- **Task description**
Starting at the line containing "jinminamz Coupe Fromage" and ending at the line containing "Gillian Baumwolle Paisley", transcribe the listing below exactly. Keep both end lines, skip the pictures, and copy nothing else.

- **Records for this exercise**
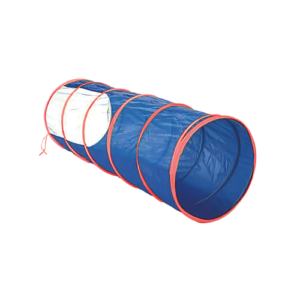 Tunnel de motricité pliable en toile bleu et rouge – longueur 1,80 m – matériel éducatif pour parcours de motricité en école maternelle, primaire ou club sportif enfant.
==
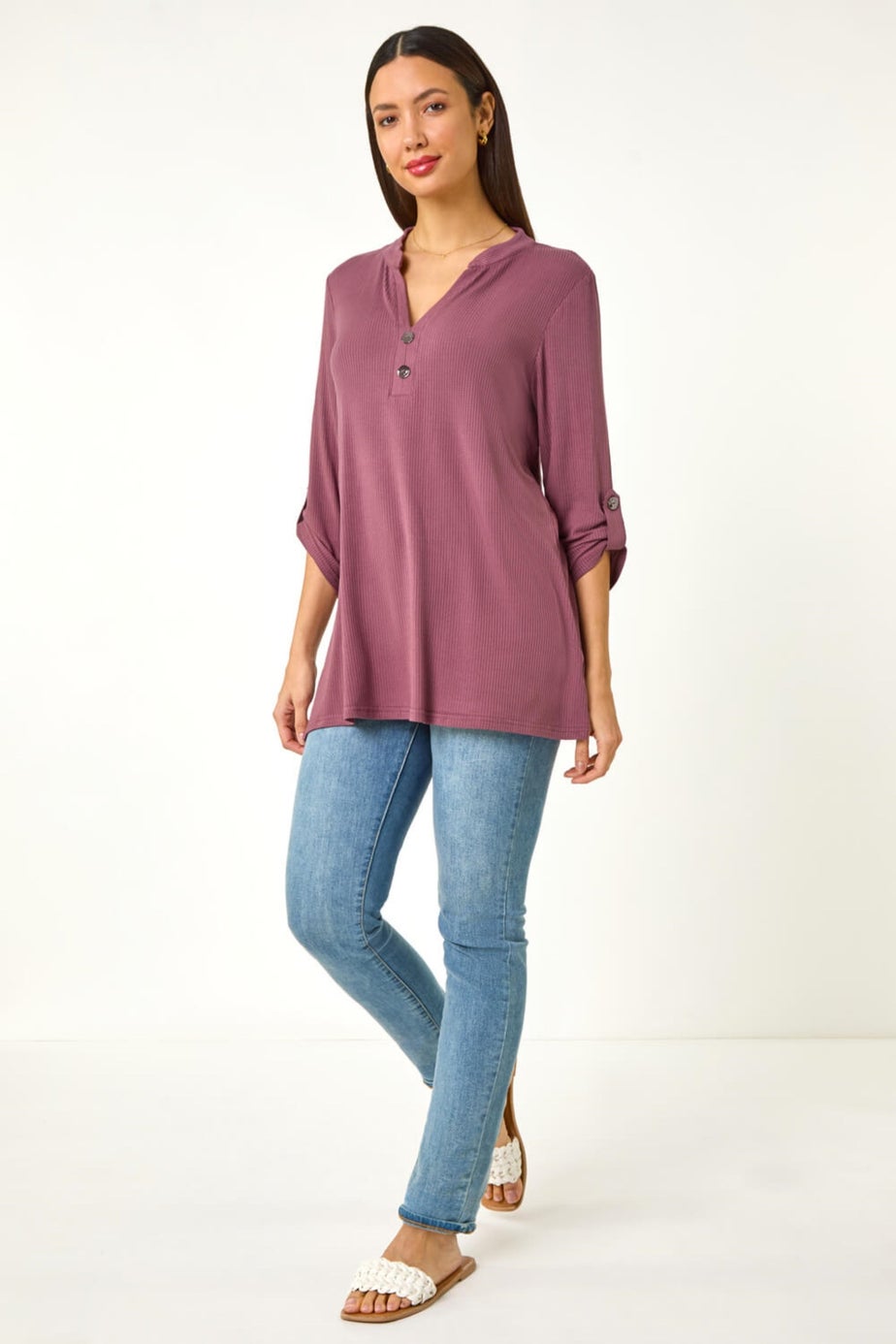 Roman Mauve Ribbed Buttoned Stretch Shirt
---
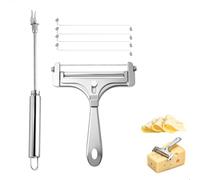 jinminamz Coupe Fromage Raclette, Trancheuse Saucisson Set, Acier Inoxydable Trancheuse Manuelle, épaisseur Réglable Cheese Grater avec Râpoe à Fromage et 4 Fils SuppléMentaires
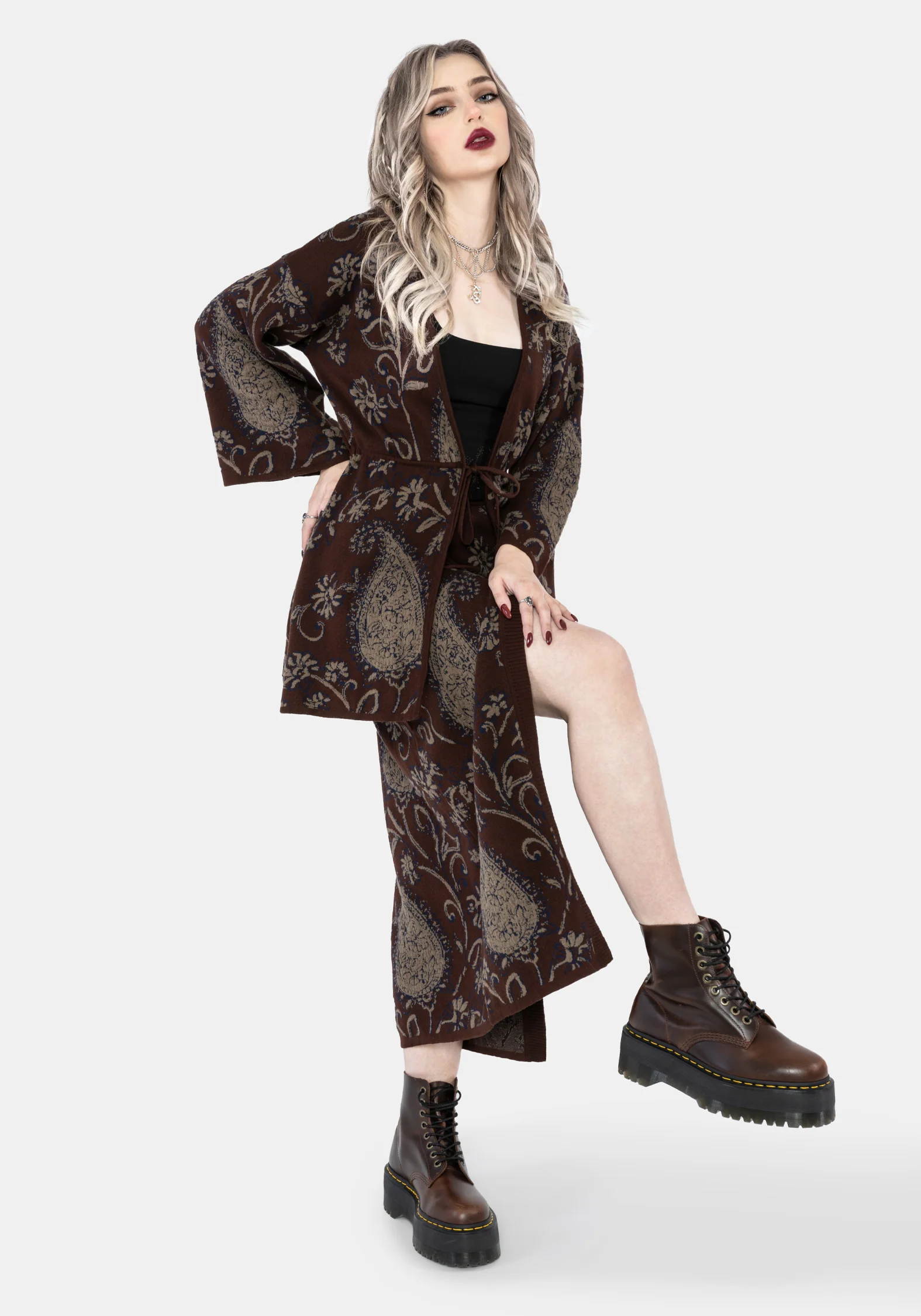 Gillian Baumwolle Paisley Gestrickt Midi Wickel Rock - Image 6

- **Solution to this exercise**
 jinminamz Coupe Fromage Raclette, Trancheuse Saucisson Set, Acier Inoxydable Trancheuse Manuelle, épaisseur Réglable Cheese Grater avec Râpoe à Fromage et 4 Fils SuppléMentaires
 Gillian Baumwolle Paisley Gestrickt Midi Wickel Rock - Image 6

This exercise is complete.